- EXERCISE GOAL:
Leave the images out, and otherwise write out each entry exactly.

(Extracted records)
+ + + + + + +
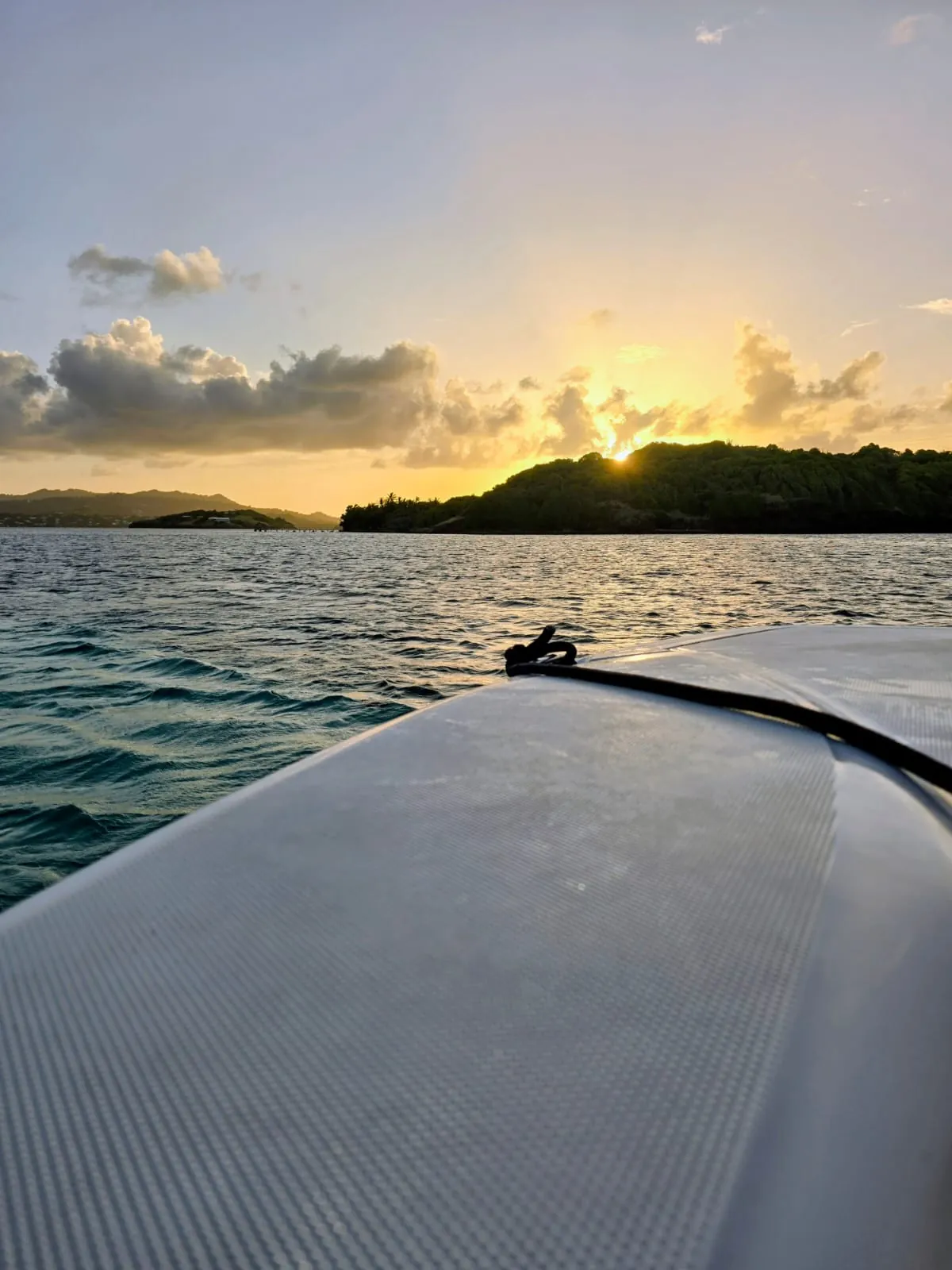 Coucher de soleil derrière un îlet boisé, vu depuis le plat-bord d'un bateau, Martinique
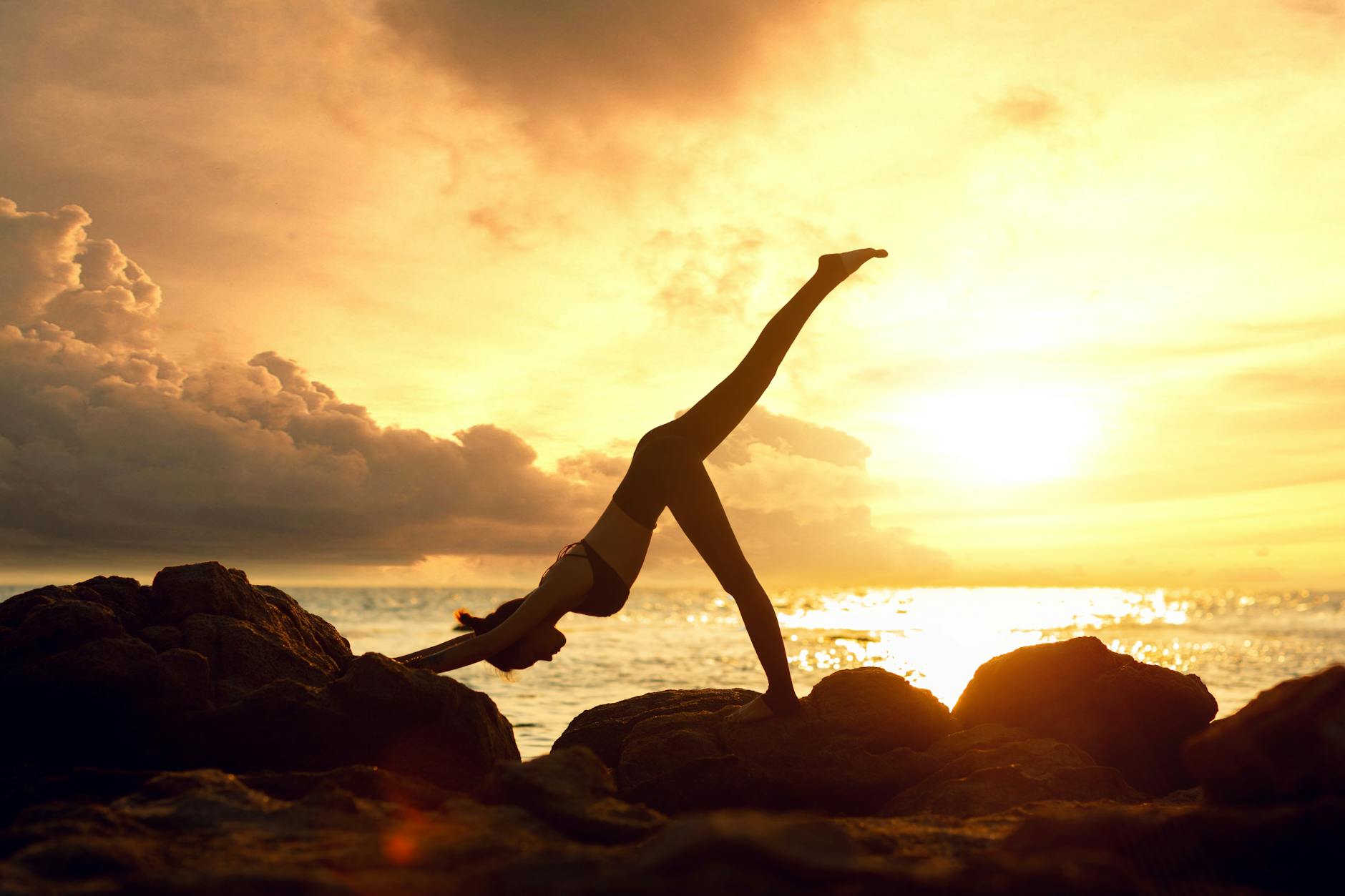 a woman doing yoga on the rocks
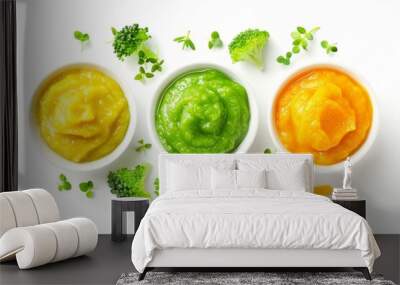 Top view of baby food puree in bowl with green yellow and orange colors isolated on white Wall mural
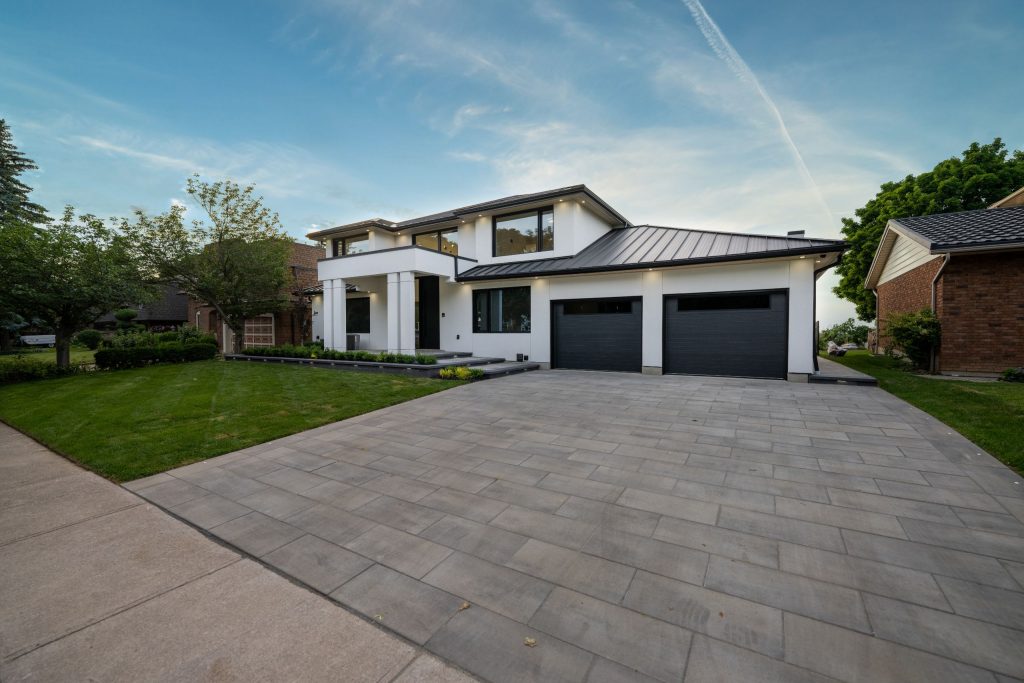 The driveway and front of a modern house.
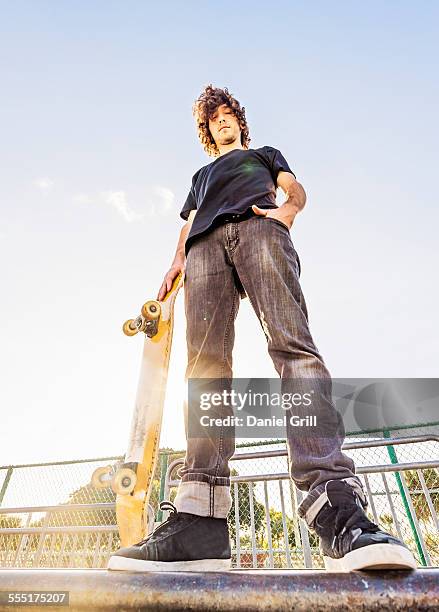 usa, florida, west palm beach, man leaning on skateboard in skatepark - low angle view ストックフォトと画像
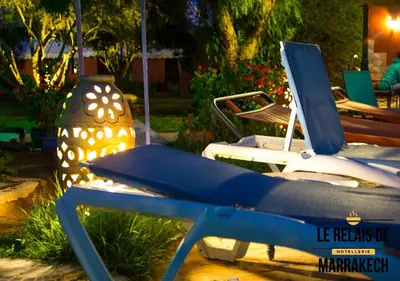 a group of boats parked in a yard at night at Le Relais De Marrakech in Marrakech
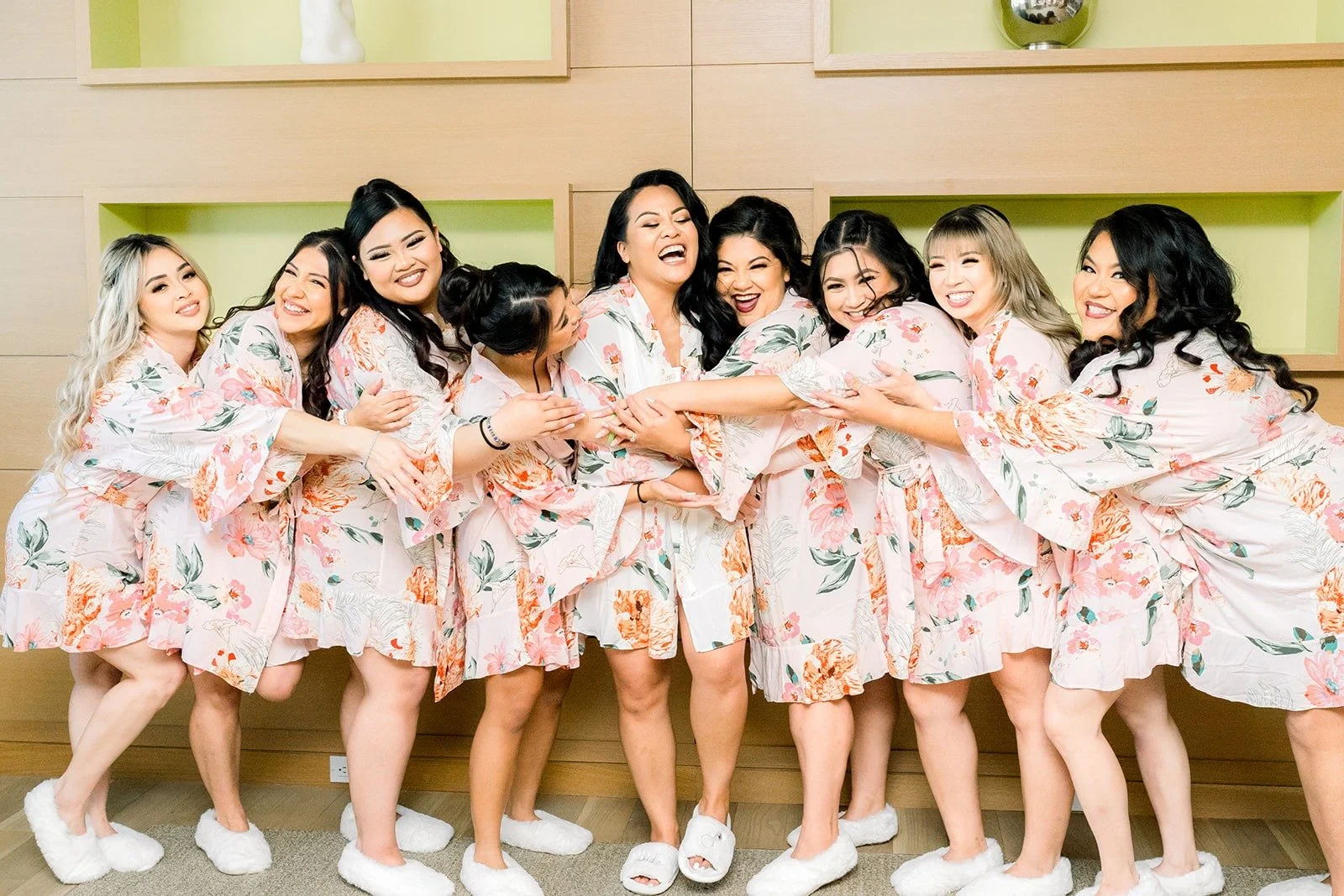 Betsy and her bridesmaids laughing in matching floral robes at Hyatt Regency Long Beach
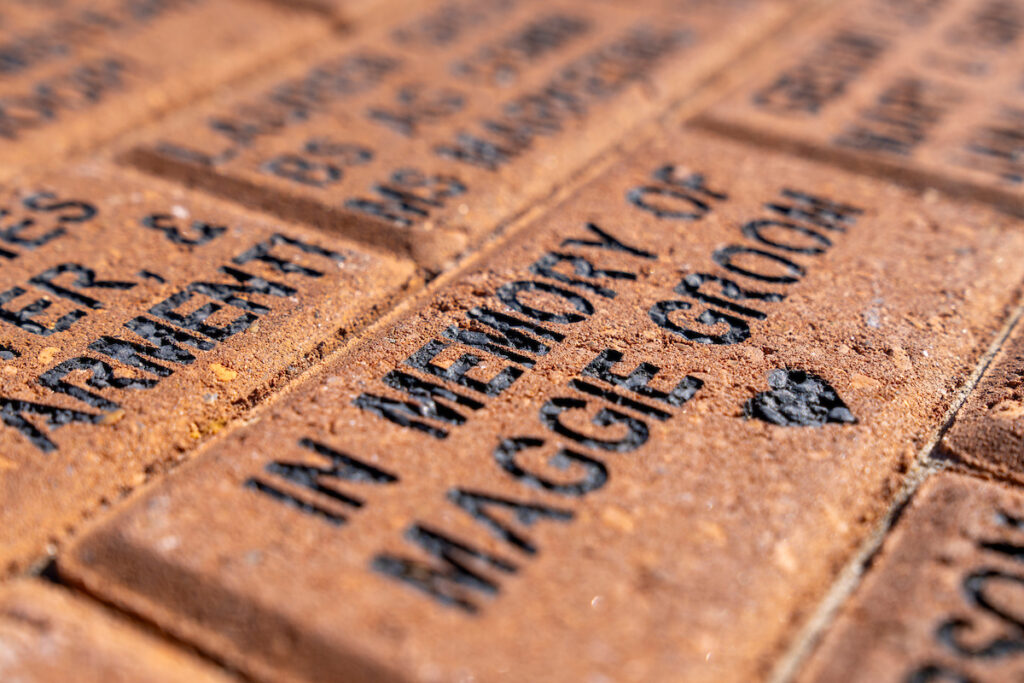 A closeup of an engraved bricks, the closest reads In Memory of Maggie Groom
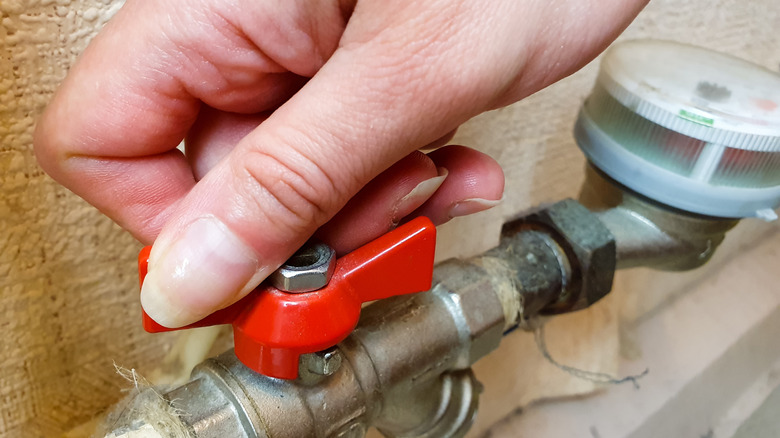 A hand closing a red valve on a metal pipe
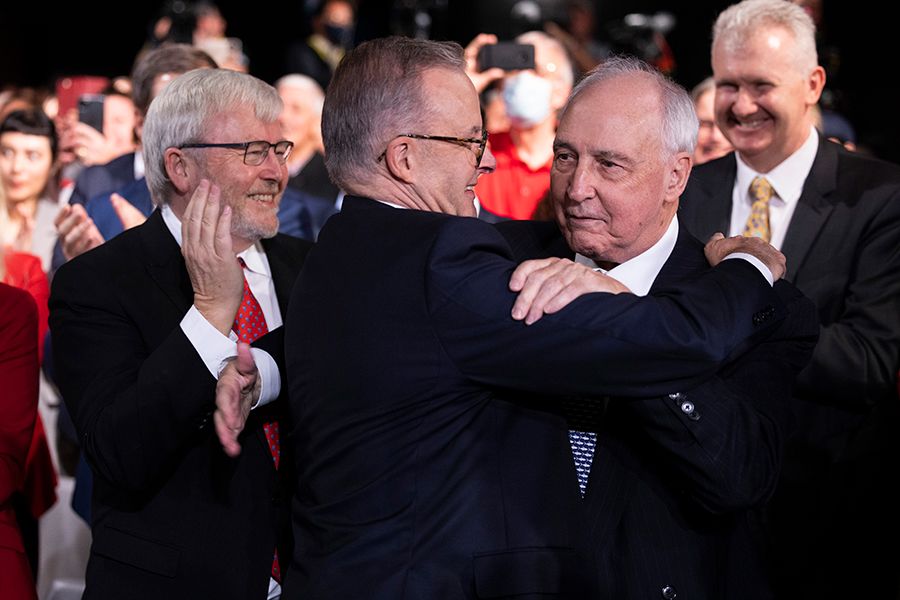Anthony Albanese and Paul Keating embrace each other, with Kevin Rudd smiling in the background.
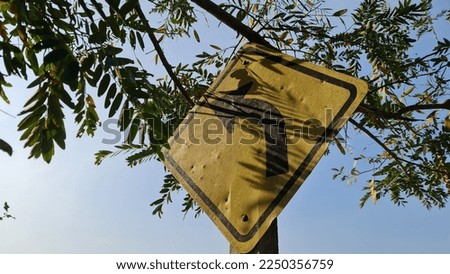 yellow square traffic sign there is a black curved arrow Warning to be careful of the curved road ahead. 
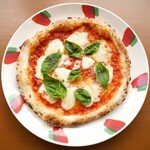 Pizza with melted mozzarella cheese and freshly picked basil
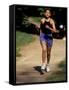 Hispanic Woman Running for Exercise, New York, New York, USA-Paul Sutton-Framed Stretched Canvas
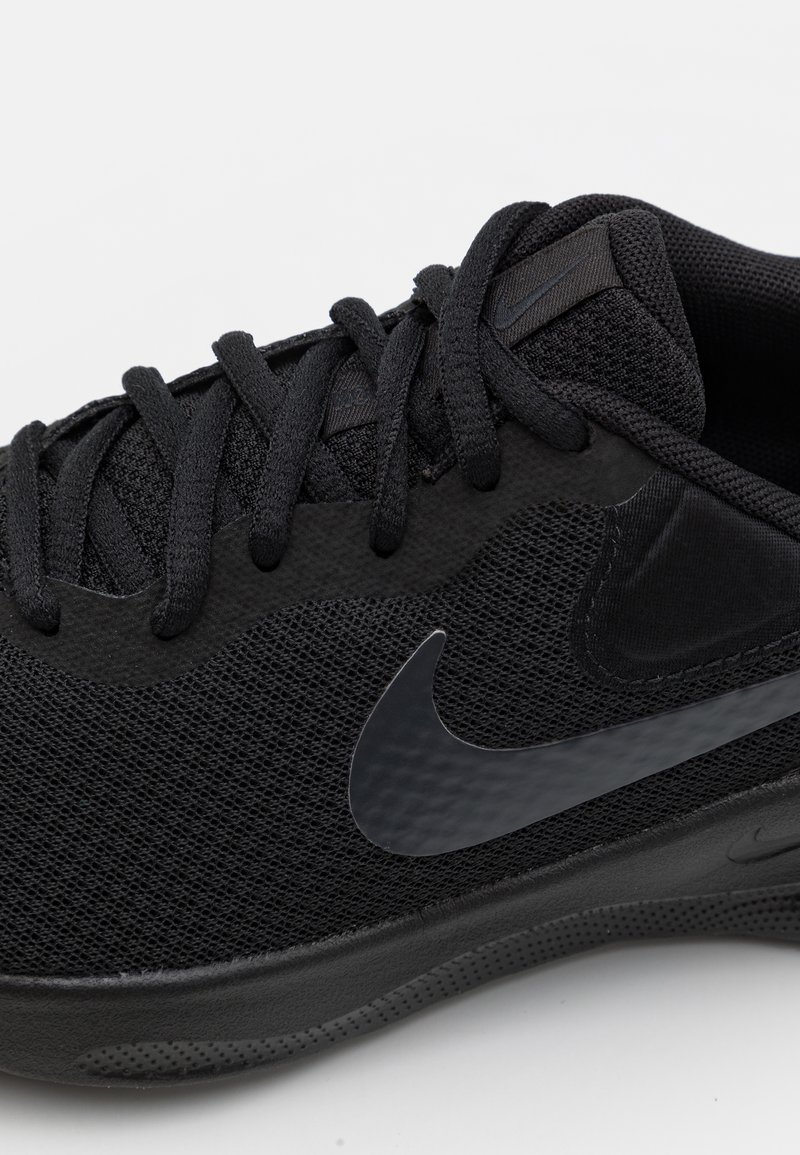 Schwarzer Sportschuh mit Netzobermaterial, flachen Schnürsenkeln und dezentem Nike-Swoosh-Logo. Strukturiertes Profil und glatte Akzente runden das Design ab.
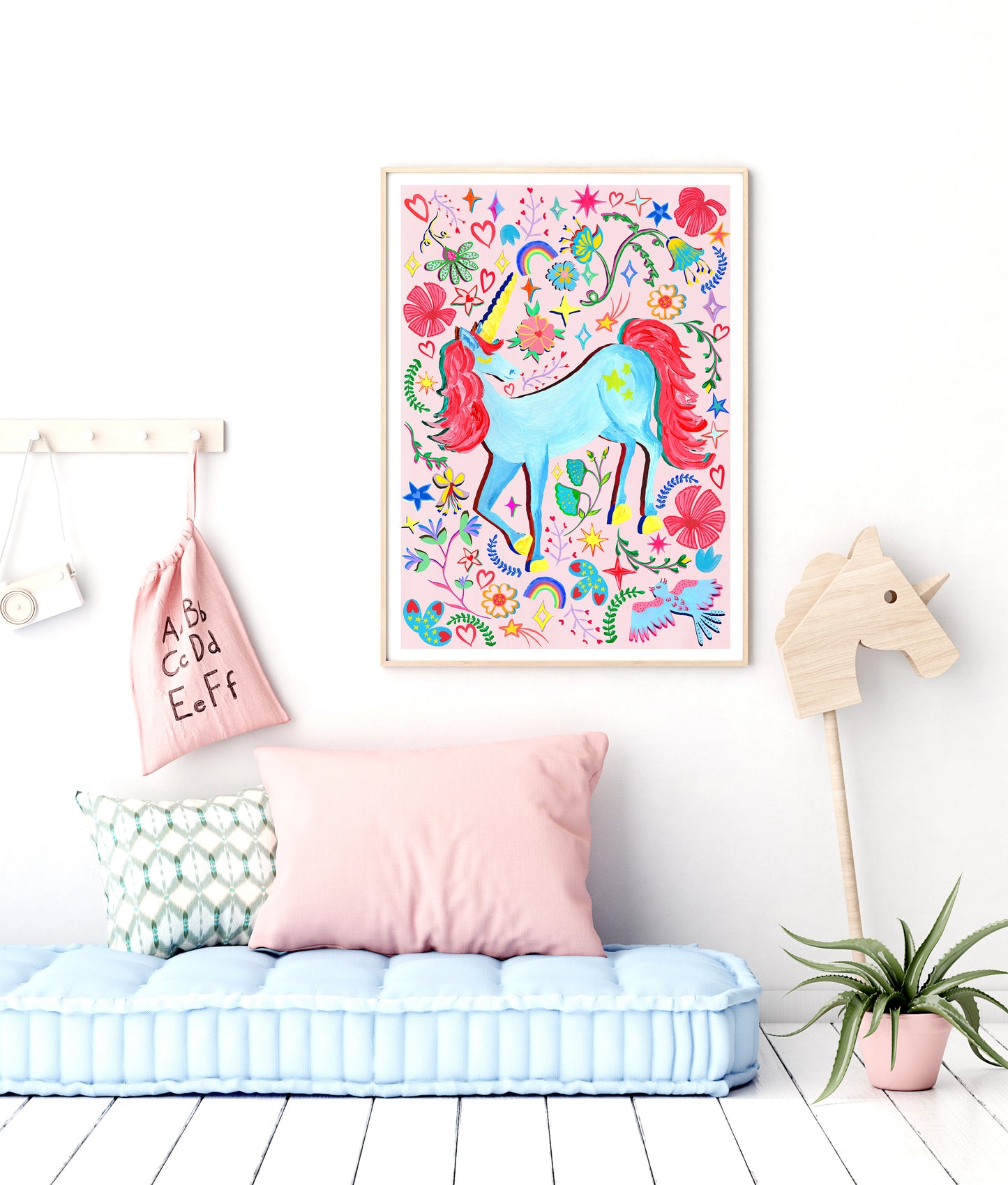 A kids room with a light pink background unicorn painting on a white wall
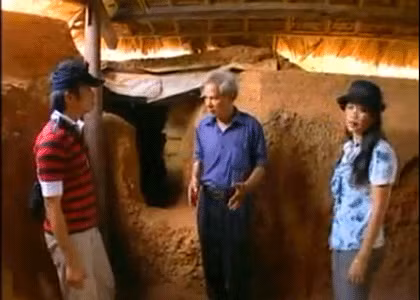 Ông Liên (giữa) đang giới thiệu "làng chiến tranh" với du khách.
+ + + + + + +
- SOLUTION TO THE PROBLEM:
 Coucher de soleil derrière un îlet boisé, vu depuis le plat-bord d'un bateau, Martinique
 a woman doing yoga on the rocks
 Top view of baby food puree in bowl with green yellow and orange colors isolated on white Wall mural
 The driveway and front of a modern house.
 usa, florida, west palm beach, man leaning on skateboard in skatepark - low angle view ストックフォトと画像
 a group of boats parked in a yard at night at Le Relais De Marrakech in Marrakech
 Betsy and her bridesmaids laughing in matching floral robes at Hyatt Regency Long Beach
 A closeup of an engraved bricks, the closest reads In Memory of Maggie Groom
 A hand closing a red valve on a metal pipe
Anthony Albanese and Paul Keating embrace each other, with Kevin Rudd smiling in the background.
 yellow square traffic sign there is a black curved arrow Warning to be careful of the curved road ahead. 
 Pizza with melted mozzarella cheese and freshly picked basil
 Hispanic Woman Running for Exercise, New York, New York, USA-Paul Sutton-Framed Stretched Canvas
 Schwarzer Sportschuh mit Netzobermaterial, flachen Schnürsenkeln und dezentem Nike-Swoosh-Logo. Strukturiertes Profil und glatte Akzente runden das Design ab.
 A kids room with a light pink background unicorn painting on a white wall
 Ông Liên (giữa) đang giới thiệu "làng chiến tranh" với du khách.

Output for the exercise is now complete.